* _PROBLEM_: Copy the lines below word for word, skipping any image.

* _DATA_:

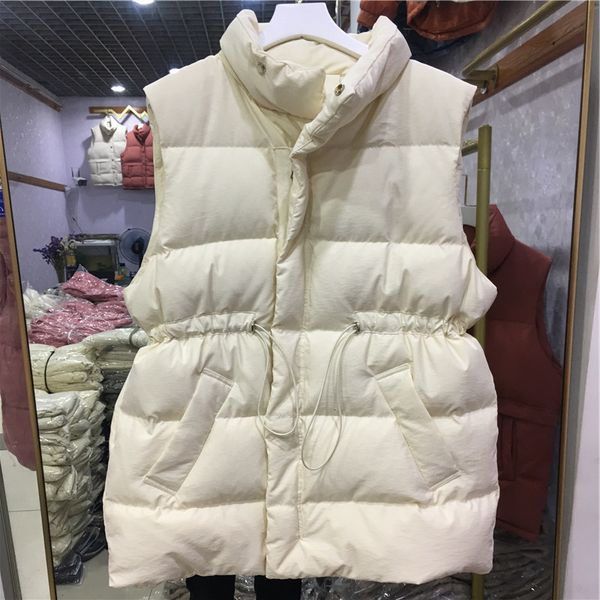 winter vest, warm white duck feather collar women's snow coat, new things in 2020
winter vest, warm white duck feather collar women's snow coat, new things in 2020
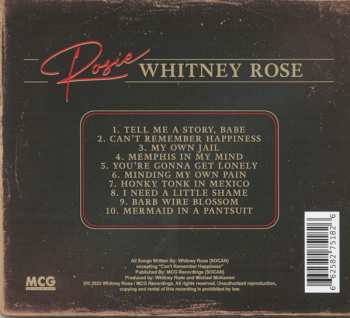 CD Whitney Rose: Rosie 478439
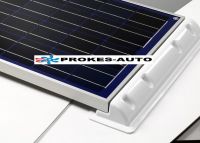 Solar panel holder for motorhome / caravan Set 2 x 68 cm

* _TASK ANSWER_:
 winter vest, warm white duck feather collar women's snow coat, new things in 2020
winter vest, warm white duck feather collar women's snow coat, new things in 2020
 CD Whitney Rose: Rosie 478439
 Solar panel holder for motorhome / caravan Set 2 x 68 cm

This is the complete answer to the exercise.